17. A method for processing a signal by the headset device as
claimed in claim 3, which is applied to a mobile terminal,
comprising: receiving a function selection message, wherein the
function selection message is used to indicate the selection of FM
function or signal processing function of cellular communication
frequency range; and sending a control command, wherein the control
command is used to set a switch to select the first isolation body
to block a signal of the FM range from coupling to the ground
network or to select the second isolation body to block a signal of
the cellular communication frequency range from coupling to the
ground network.
18. A method for processing a signal by the headset device as
claimed in claim 4, which is applied to a mobile terminal,
comprising: receiving a function selection message, wherein the
function selection message is used to indicate the selection of FM
function or signal processing function of cellular communication
frequency range; and sending a control command, wherein the control
command is used to set a switch to select the first isolation body
to block a signal of the FM range from coupling to the ground
network or to select the second isolation body to block a signal of
the cellular communication frequency range from coupling to the
ground network.
19. A method for processing a signal by the headset device as
claimed in claim 5, which is applied to a mobile terminal,
comprising: receiving a function selection message, wherein the
function selection message is used to indicate the selection of FM
function or signal processing function of cellular communication
frequency range; and sending a control command, wherein the control
command is used to set a switch to select the first isolation body
to block a signal of the FM range from coupling to the ground
network or to select the second isolation body to block a signal of
the cellular communication frequency range from coupling to the
ground network.
20. The method according to claim 8, wherein an impedance of the
first isolation body in the FM range is greater than or equal to a
first threshold, wherein the first threshold is used to ensure the
capability of blocking the signal of the FM range from coupling to
the ground network; and an impedance of the second isolation body
in the cellular communication frequency range is greater than or
equal to a second threshold, wherein the second threshold is used
to ensure the capability of blocking the signal of the cellular
communication frequency range from coupling to the ground network.
Description
FIELD
[0001] The disclosure relates to the field of communication, and in
particular to a headset device, a headset, and a method for
processing a signal by the headset device.
BACKGROUND
[0002] With the continuous development of mobile terminal
technology, higher demands are proposed on the function and
requirement of user's mobile terminal.
[0003] Taking a radio terminal receiving broadcast for example,
existing mobile phone system has multiple clocks; the speed of the
Central Processing Unit (CPU) is at least 100 MHz; the reference
clock generally is between 12 MHz and 30 MHz; the frequency
multiplication of the reference frequency is easy to reach between
72 MHz and 120 MHz.
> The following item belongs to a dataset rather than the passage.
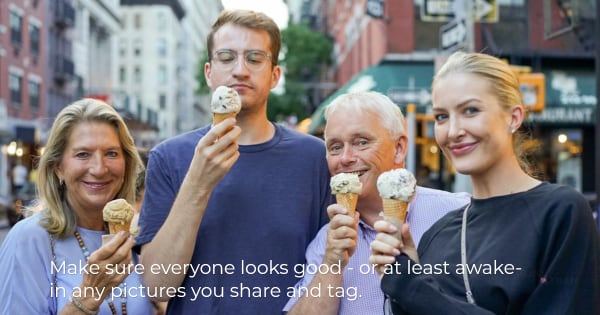 Group of people eating ice cream - don't tag people who don't look good or awake.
Each module of the mobile terminal has a
different clock frequency; the mixed frequency generated between
each frequency is extremely easy to fall in between 72 MHz and 120
MHz, enabling the internal signal of the entire mobile terminal to
be strong in this frequency range. However, this frequency is just
the receiving frequency range of Frequency Modulation (FM).
Specifically, the receiving frequency range of FM is between 76.5
MHz and 108 MHz, thus the signal generated in this frequency range
by the system of the mobile terminal is a noise relative to the FM
signal.
[0004] Most mobile terminals having FM receiving function adopt a
headset to serve as the antenna of the FM receiver, and noises of
the mobile terminal are easy to couple to the antenna of the FM
receiver. Therefore, impedance is increased in a headset circuit to
prevent the noises from interfering with the antenna of the FM
receiver.
[0005] As mobile terminal requires to be thinner and thinner and
the screen requires to be bigger and bigger, the real device layout
space becomes more and more intense and more and more layout and
wiring problems are caused; especially in time division radio
systems, Time Division Duplex (TDD) noise problem becomes more and
more outstanding; if this problem is not resolved, users would hear
interference caused by radio frequency in the headset; therefore, a
circuit is added in the headset circuit to suppress the TDD
noise.
[0006] In many existing designs, a magnetic bead or capacitor is
connected to the headset audio signal in series or in parallel to
alleviate the TDD noise, and a magnetic bead or capacitor is added
in the headset circuit to reduce the noise interference on the FM
signal. However, when a mobile terminal needs to reduce both the
TDD noise interference and the FM interference, no solution has
been proposed so far.
SUMMARY
[0007] The disclosure is to provide a headset device, a headset,
and a method for processing a signal by the headset device, to at
least solve the above problem.
[0008] According to one aspect of the disclosure, a headset device
is provided, which includes: a first interface, a second interface,
a switch and an isolation unit, in which the isolation unit
includes a first isolation body and a second isolation body
connected to the first isolation body in parallel, and the first
interface is connected to the second interface through the
isolation unit, wherein the first interface is configured to
connect to a ground network of the headset, wherein the ground
network is a ground signal of the headset; the second interface is
configured to connect to a ground line of a mobile terminal where
the headset device is located; the first isolation body is
configured to block a signal of a Frequency Modulation (FM) band
from coupling to the ground network; the second isolation body is
configured to block a signal of a cellular communication frequency
band from coupling to the ground network; and the switch is
configured to select to conduct the first isolation body, the first
interface, and the second interface, or select to conduct the
second isolation body, the first interface, and the second
interface.
[0009] Preferably, the first isolation body and the second
isolation body include a magnetic bead.
[0010] Preferably, the switch includes: a high-frequency analogue
switch or a Complementary Metal Oxide Semiconductor (CMOS)
switch.
[0011] Preferably, in the FM band an impedance of the first
isolation body is greater than or equal to a first threshold,
wherein the first threshold is used to ensure the capability of
blocking the signal of the FM band from coupling to the ground
network; and in the cellular communication frequency band an
impedance of the second isolation body is greater than or equal to
a second threshold, wherein the second threshold is used to ensure
the capability of blocking the signal of the cellular communication
frequency band from coupling to the ground network.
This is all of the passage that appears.